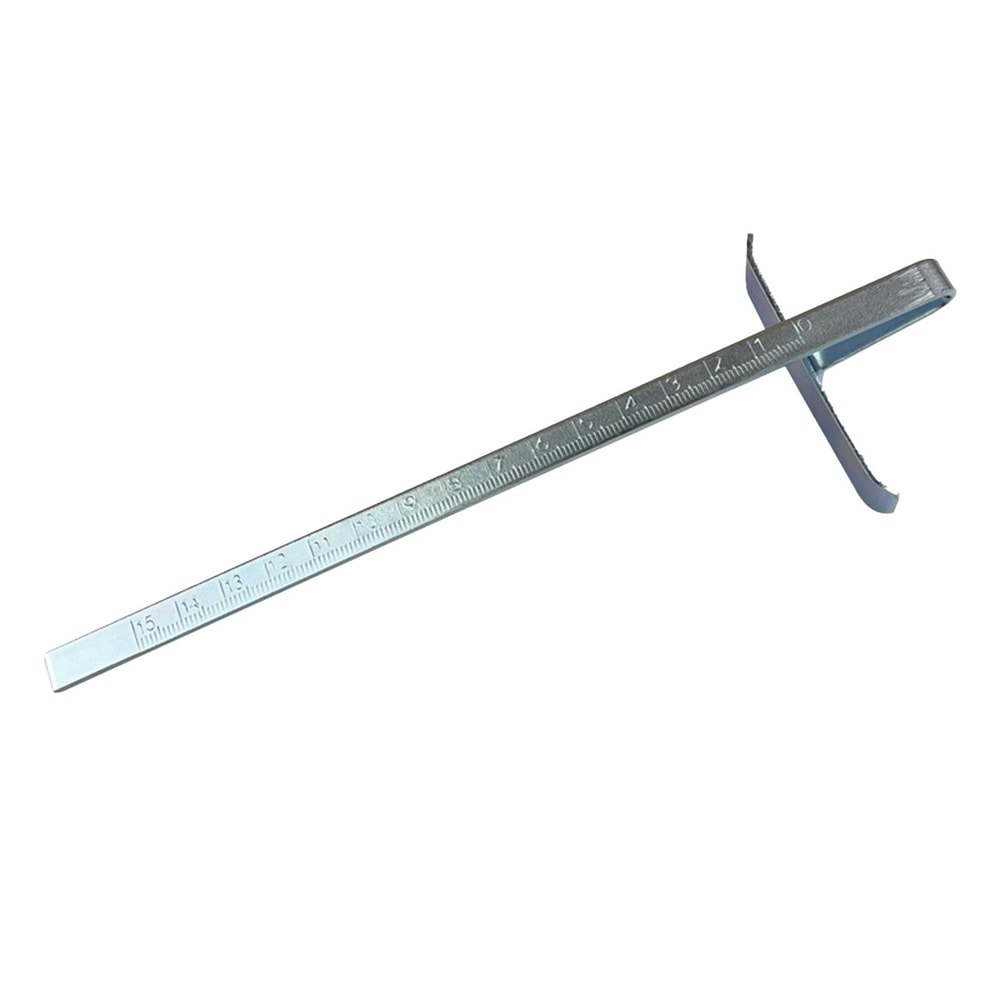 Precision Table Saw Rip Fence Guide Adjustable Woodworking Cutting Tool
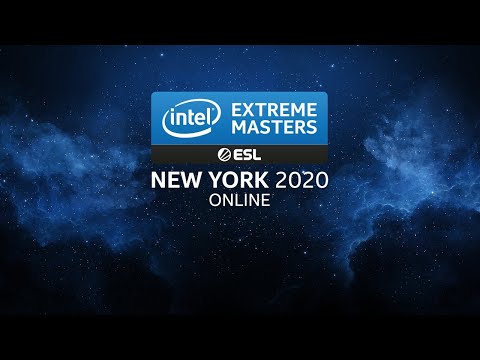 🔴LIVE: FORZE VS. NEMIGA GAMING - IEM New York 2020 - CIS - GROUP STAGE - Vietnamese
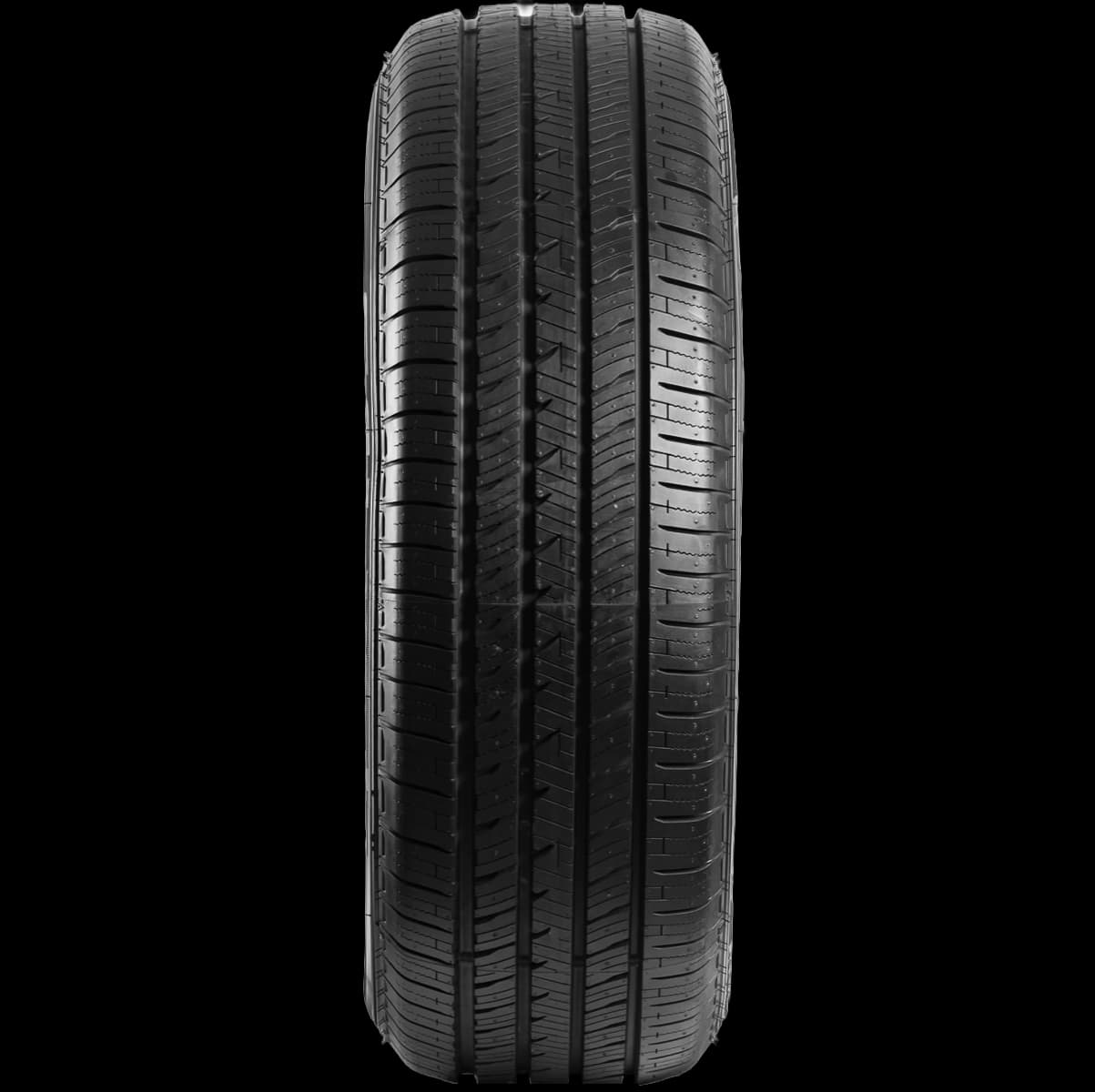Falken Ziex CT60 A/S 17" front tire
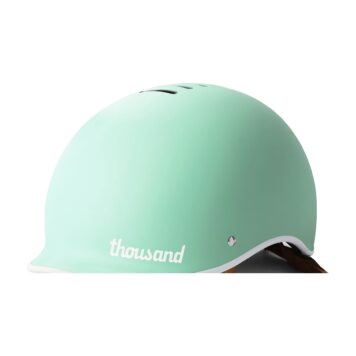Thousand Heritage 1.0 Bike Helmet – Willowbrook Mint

_Exercise details_.
Restate all of the material word for word. Keep out every picture.

_Solution below_.
 Precision Table Saw Rip Fence Guide Adjustable Woodworking Cutting Tool
 🔴LIVE: FORZE VS. NEMIGA GAMING - IEM New York 2020 - CIS - GROUP STAGE - Vietnamese
Falken Ziex CT60 A/S 17" front tire
Thousand Heritage 1.0 Bike Helmet – Willowbrook Mint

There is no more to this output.